La alegría de Joe le ayudó a hacer una deslumbrante presentación ante la comitiva de Geetex. Fue tan elocuente que prácticamente los convenció de que probaran los tampones.
—Creo que los tenemos en el bote —dijo Myles mientras los ejecutivos de Geetex se marchaban encantados.
En circunstancias normales, después de una presentación prometedora el equipo entero celebraba la victoria con una larga comida acompañada de buen vino. Ese día Joe se negó a acompañarlos, pero insistió en que fueran sin él. Eso sí, tomó la precaución de preguntar a qué restaurante pensaban ir. No quería llevar a Katherine al mismo sitio.
Entretanto, Katherine había pasado la mañana abstraída en las cuentas. Había borrado de su mente a Joe Roth. No era propio de ella utilizar la falsa excusa de que necesitaba ir al banco/el correo/la farmacia para salir corriendo a Oxford Street a comprar cepillo y pasta de dientes, un pintalabios, maquillaje, desodorante, medias de seda, zapatos de tacón y un traje nuevo con minifalda en honor de la imprevista cita para comer.
Se negaba a hacerse ilusiones. Gracias a los años de práctica, luchar contra la expectación no suponía un esfuerzo.
Naturalmente, el trabajo era una gran ayuda. El ordenado mundo de las cifras, donde no había cabos sueltos. Si las cuentas cuadraban, sabía a ciencia cierta que había hecho las cosas bien. Y si no salían, volvía a sumergirse en ellas para descubrir dónde se había equivocado y reparar el error.

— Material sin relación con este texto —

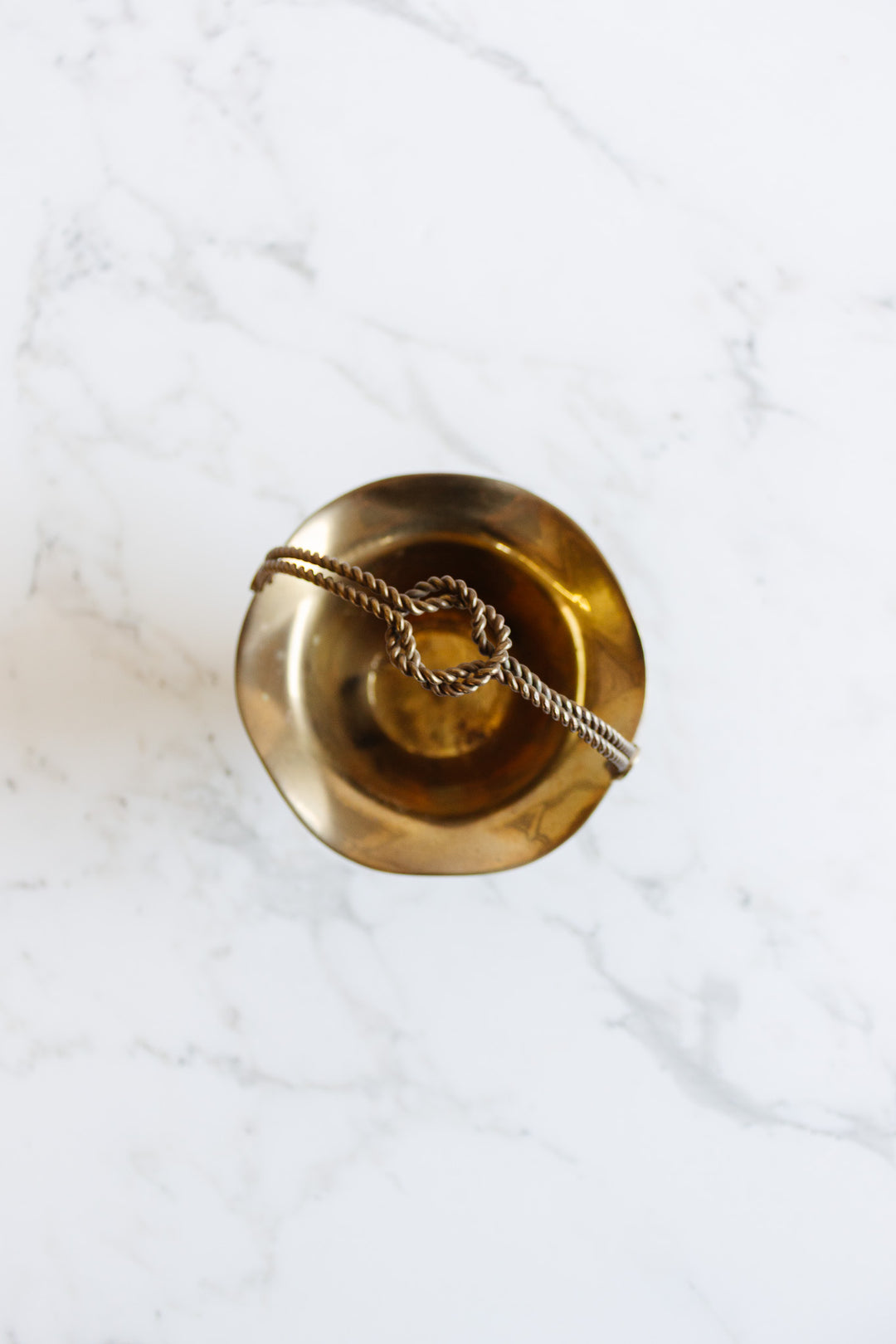 vintage french brass panier with "rope" handle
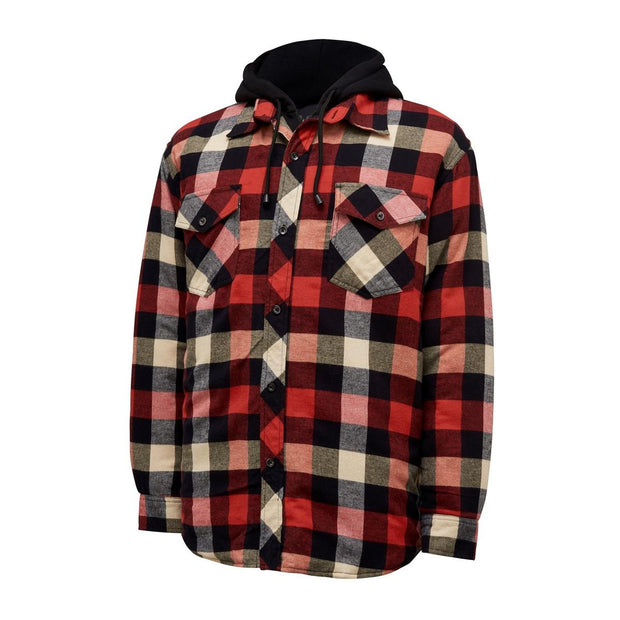 Hard Yakka Quilted Flannel Shacket Red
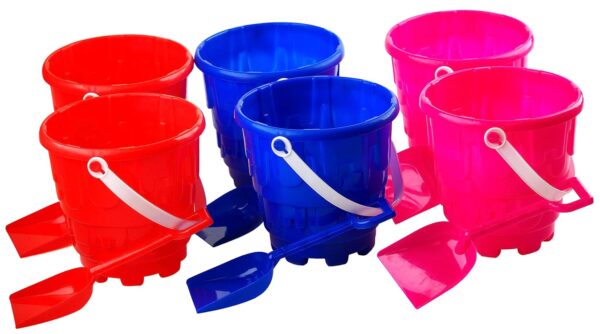 Sand Castle Round Bucket And Spade Beach Toys - Set of 6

Katherine consideraba que el sistema de doble asiento de contabilidad era uno de los grandes inventos de la humanidad, equiparable al de la rueda. Le habría gustado que el mundo se rigiera por los mismos principios —el debe a la izquierda, el haber a la derecha— para que uno siempre supiera a qué atenerse. Maravilloso.
A la una en punto Joe se presentó ante su escritorio con timidez, la alegría que había demostrado horas antes había dejado paso a la vergüenza por haber recurrido al jefe.
—Ah, es verdad, la comida para discutir la cuenta de Noritaki —dijo ella con brusquedad y lo dejó esperando mientras terminaba una cuenta. Podría haberla dejado para después, pero ¿por qué iba a hacerlo?
Cuando apagó la calculadora se dio cuenta de que se moría de ganas de ir al lavabo, pero le dio vergüenza decírselo a Joe. Iría en el restaurante. Pero ¿por qué no ahora? Al fin y al cabo, ese hombre no significaba nada para ella. En el brumoso y lejano pasado, cuando le había gustado alguien, las cosas habían sido distintas. Entonces restaba importancia a las funciones corporales, las pasaba por alto, las negaba. Pero no haría lo mismo por Joe Roth.
—Primero tengo que ir al lavabo —dijo con descaro. Dejó deliberadamente el bolso sobre el escritorio para que Joe no creyera que iba a peinarse o a pintarse los labios en su honor.